> [Collected material]
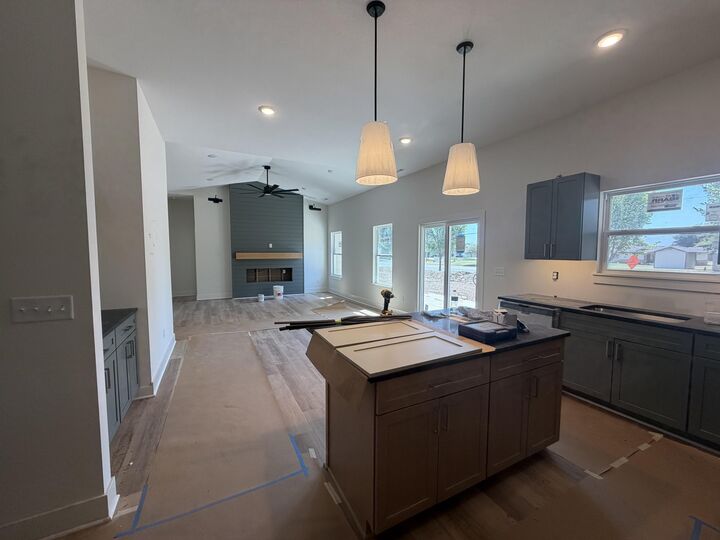 Property Photo: 709 N Wheatland Ct KS 67235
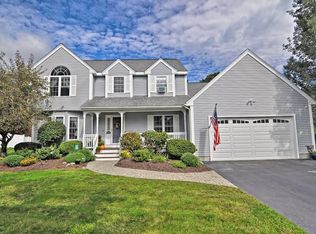 12 Lowe Meadow Ln, North Attleboro, MA 02760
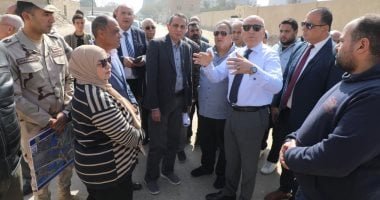 محافظ القاهرة: نقل موقف السيدة عائشة لـ "نزلة سوق الحمام" لإنهاء الزحام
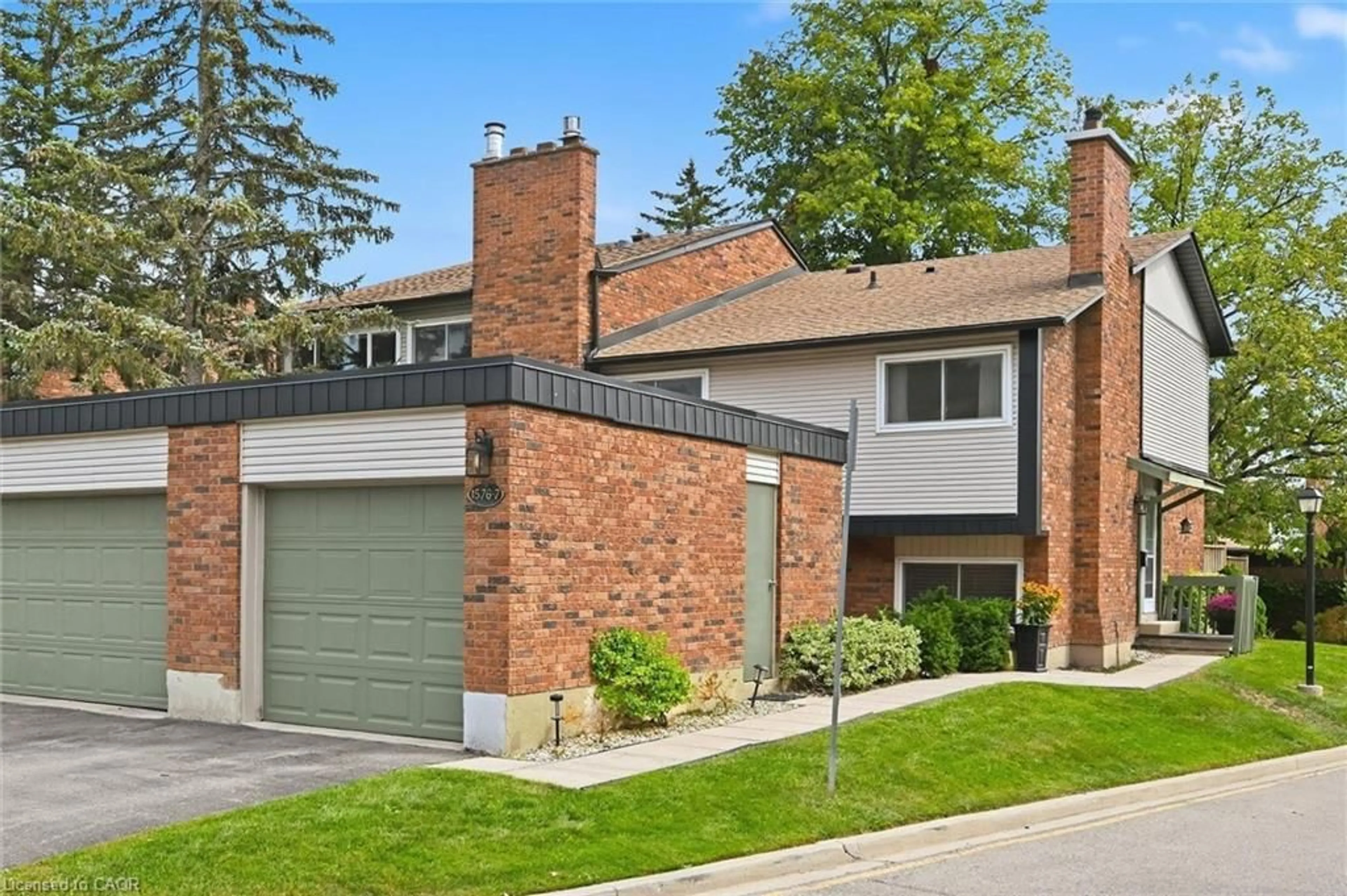 Home with brick exterior material, street for 1576 Kerns Rd #7, Burlington Ontario L7P 3A7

> [Assignment] Strip out the pictures and reproduce the remaining material above exactly.

> [Response to this task]
 Property Photo: 709 N Wheatland Ct KS 67235
 12 Lowe Meadow Ln, North Attleboro, MA 02760
 محافظ القاهرة: نقل موقف السيدة عائشة لـ "نزلة سوق الحمام" لإنهاء الزحام
 Home with brick exterior material, street for 1576 Kerns Rd #7, Burlington Ontario L7P 3A7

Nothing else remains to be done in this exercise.